Lesson 36-Multiantional companies and foreign direct investments Flashcards
(8 cards)
Define FDI’s
This refers to the inflow of foreign currency to a nation.
What are the methods used by a govt to encourage FDI’s and MNC’s
- Tax concessions
- Subsidies
- Invest in own infrastructure
- Education and training of the workforce
- Reducing administrative red tape and bureaucracy
Define development aid
This is money given in the form of loans and grants to developing countries by developed countries to be spent on areas such as infrastructure, education and training programs and developments in technology.
What is the difference between grants and loans
Grants do not have to be repaid unlike loans that have to be paid back and interest does not have to be paid either for grants unlike loans.
Define MNC’s
These are organizations that produce and sell products in more than one country.
3 reasons for the existence of MNC’s
1.Economies of scale- These organizations operate on a large scale which enables them to exploit the benefits of EOS hence have access to cheap resources
2. Marketing- Large organizations can afford to use heavy advertising campaigns and promotions to achieve brand loyalty
3. Financial superiority- Large organizations can afford to invest enormous sums of money on R and D. The make huge profits that gives them a competitive advantages over smaller firms.
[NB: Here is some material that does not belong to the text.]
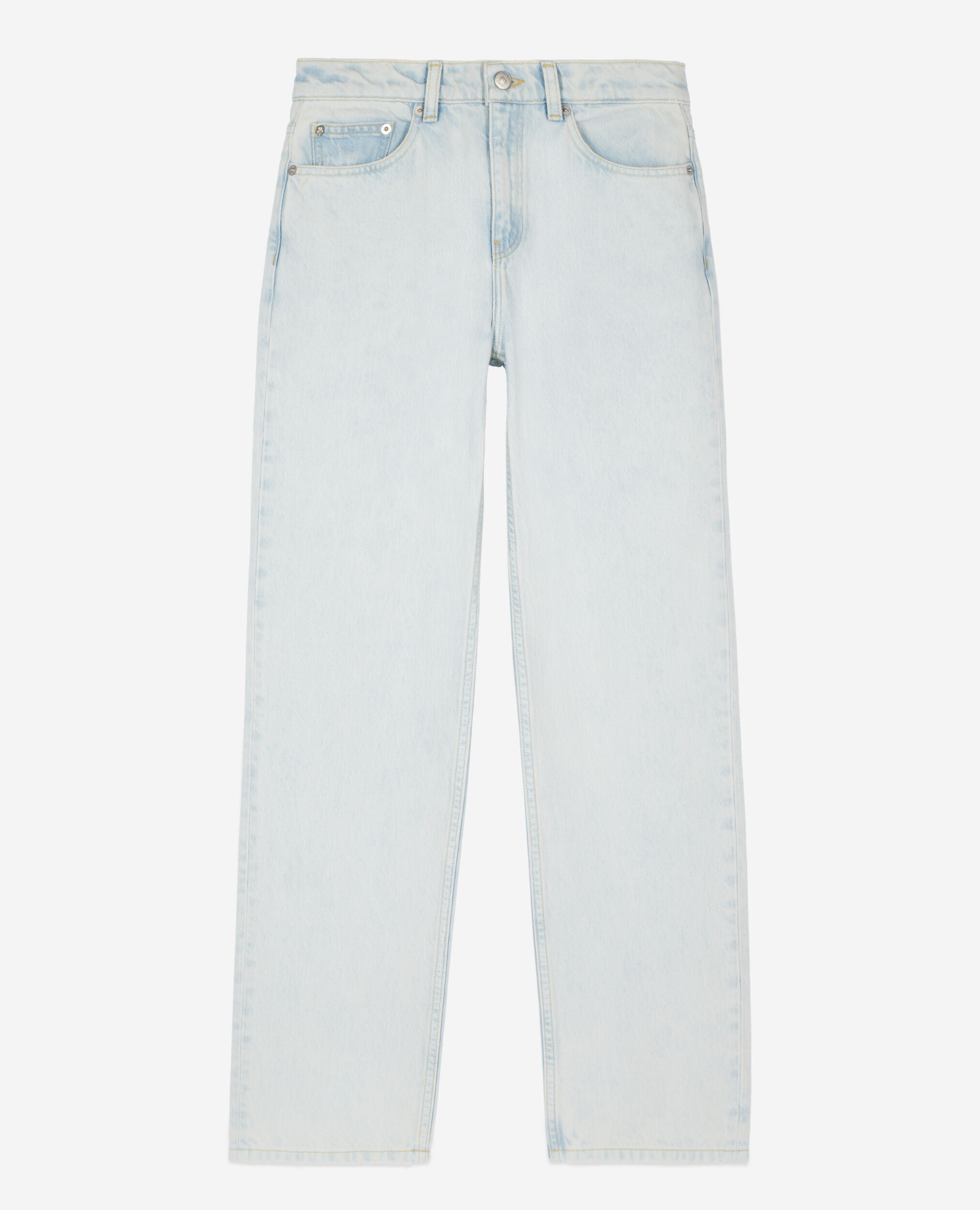 Hellblaue, verwaschene Jeans mit geradem Bein, BLUE BLEACHED / NAVY, hi-res image number null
They have the resources to take risks and invest on the most taleneted people.
State 5 advantages of MNC’s
- The reputation and image that MNC’s portray indicates they are able to obtain a very high level of brand loyalty as they are able to spend heavily on advertising and promotions.
- They are able to obtain cheap raw materials and labor as a result can lower their cost of production which gives them an edge over rivals in the form of lower prices.
- MNC’s are encourages tp set up by certain govts of countries in the from of tax reliefs and concessions.
4.Since they are very large organizations they import modern technology to a country - MNC’s enable a govt to benefit from an increase in tax revenues when they make a profit which can be sued to improve infrastructure and provide better public and merit goods
4 disadvantages of MNC’s
- Infant industries may be wiped out as they have not achieved their minimum efficient scale thus will have high prices thus will not be able to survive the competition.
- MNC’s are in a position to influence certain decisions made by a govt of a country such as higher taxes or interest rates by threatening them of shutting down the business.